Of his 33 novels, arguably, the reading public knew Vachss best from his 18-book Burke books (where I first found the man) and his signature look; Vachss’s eye was injured at the age of seven and because of this he wore an eye patch and usually a stern, “I know what you did and I will out you because of it,” look in public life.


His books took place in an underbelly world of crime and revenge, with urban mercs enacting vigilantism on a Grand Guignol scale. His wonderful family of characters often hunted down child predators, and well before it became of virtue signaling value, he championed LGBTQ characters by writing them into his stories as much lead characters as anyone else.


His books also were heavily peppered with eroticism.

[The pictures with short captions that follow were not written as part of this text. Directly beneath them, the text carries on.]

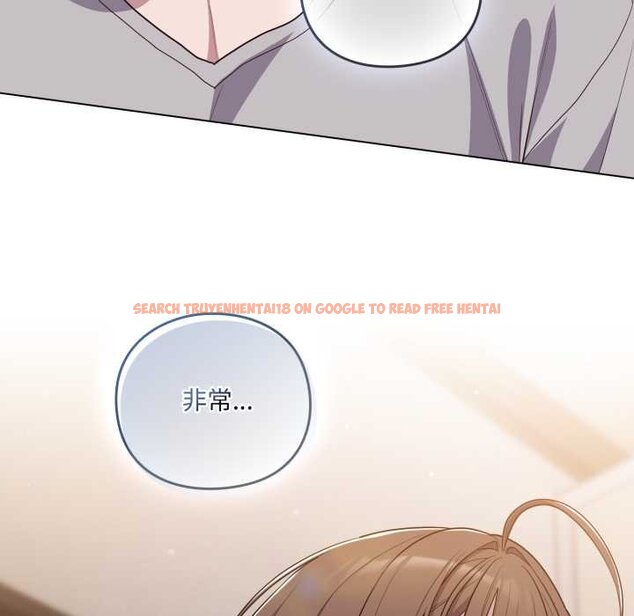 查看漫画喵來的戀愛 - 第47話 - tymanga.com中的4064792图片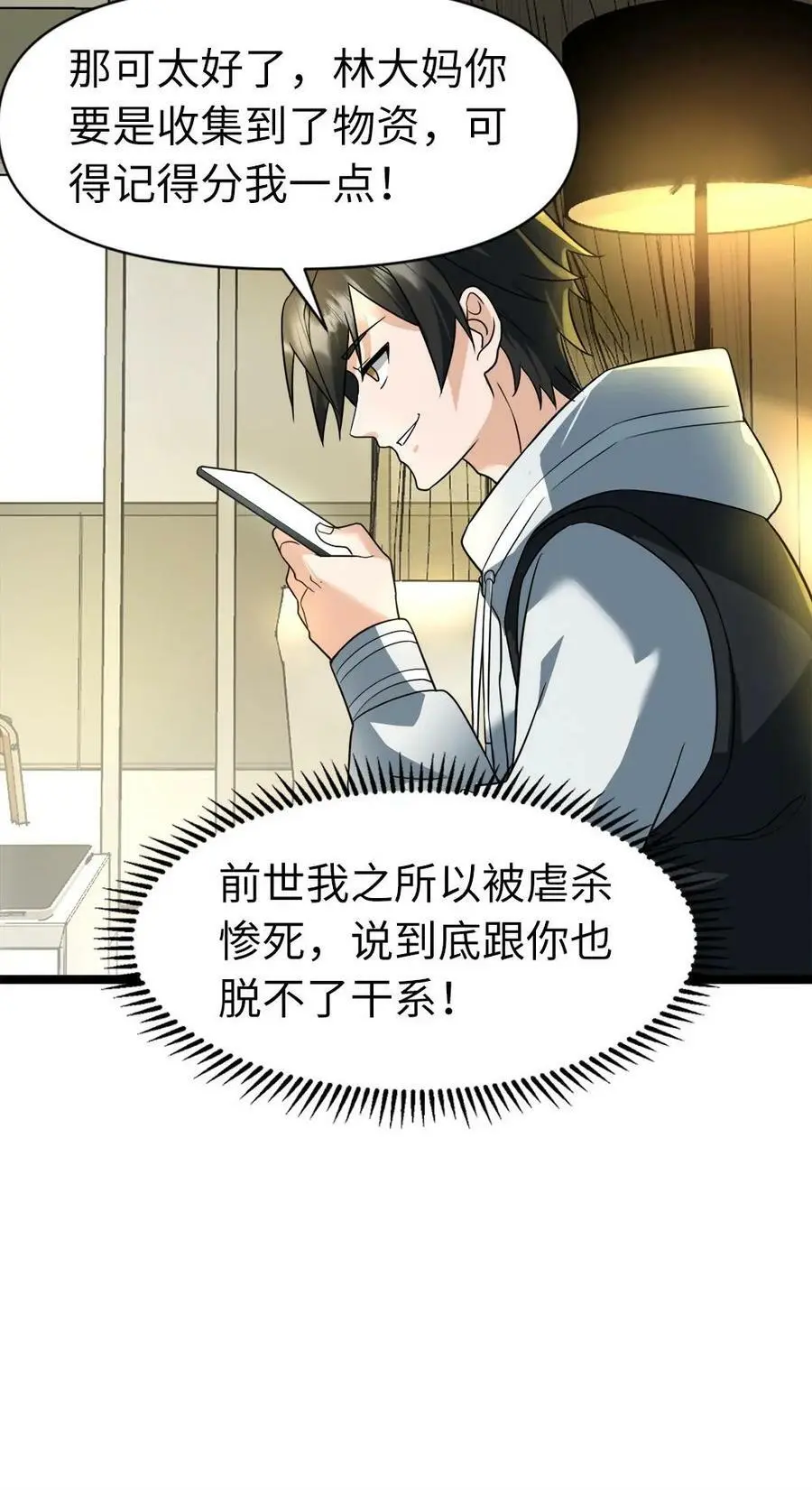 第16话 停电？！21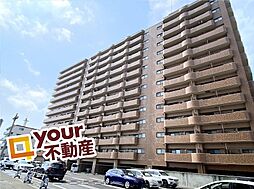 ライオンズマンション大和町四丁目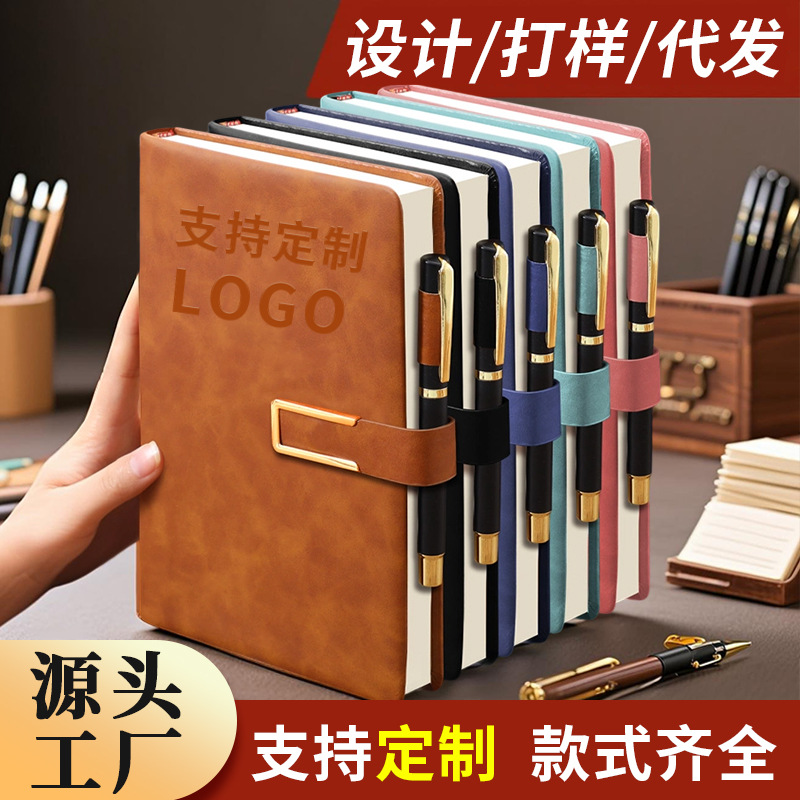 商务办公笔记本本子A5厚本子党员会议笔记本定制B5记事本带笔批发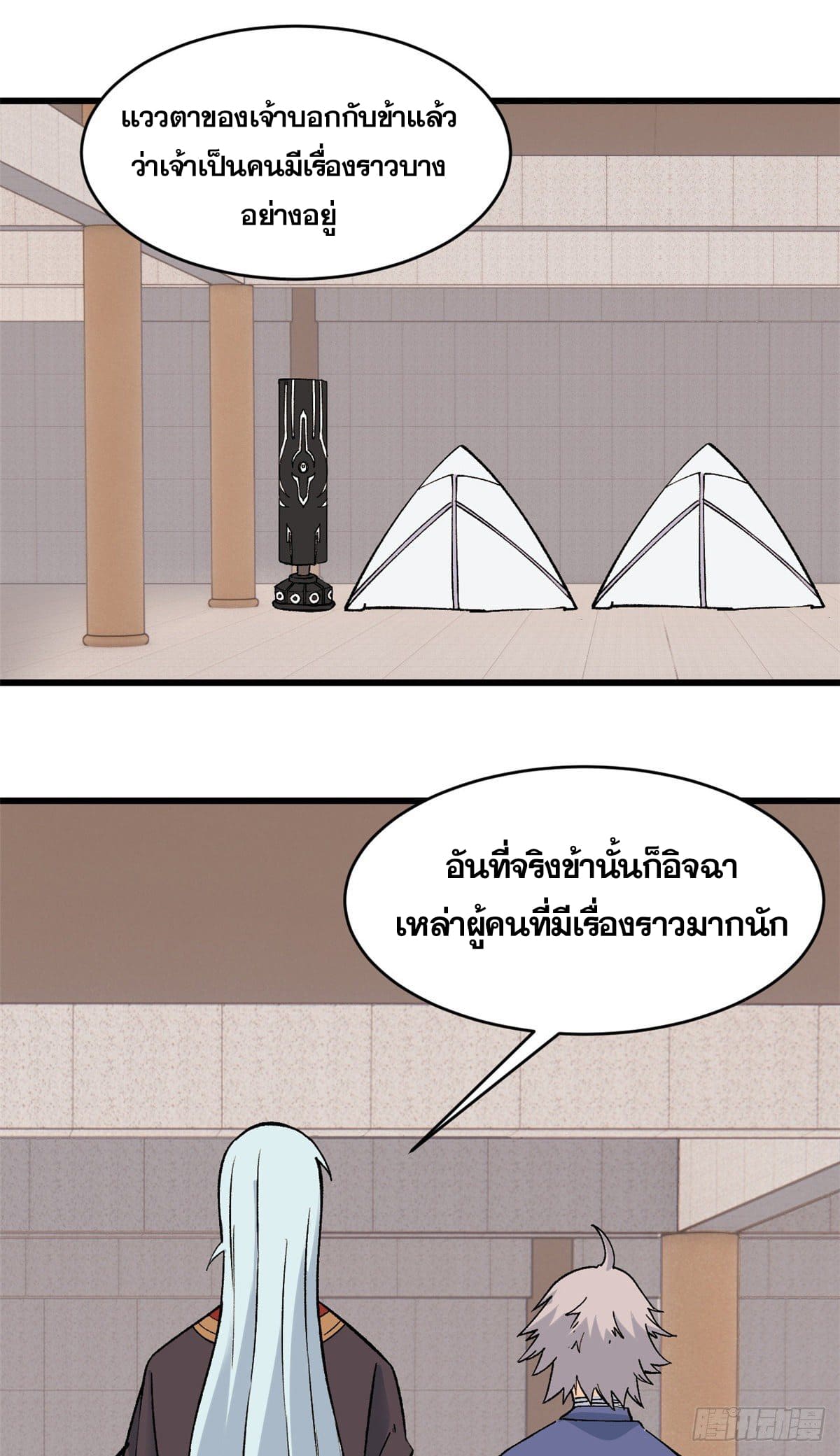 นิกายที่แข็งแกร่งที่สุด (ทันจีน) ตอนที่ 53 หน้า 19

Here was a guy who knew how to mix genres while creating fiction that was undeniably his.


There was a time; I couldn’t get enough of the guy.


Vachss was married to Alice, herself a former sex-crimes prosecutor. She later became Chief of the Special Victims Bureau in Queens, New York, and wrote the nonfiction book Sex Crimes: Ten Years on the Front Lines Prosecuting Rapists and Confronting Their Collaborators, which became a New York Times Notable Book of the Year. 


“When people tell me a warm, caring volunteer can ‘represent’ a kid, I tell them that the next time they need a root canal, go to a volunteer,” the man famously said.


Andress Vachss lived what he preached and wrote outstanding fiction from it.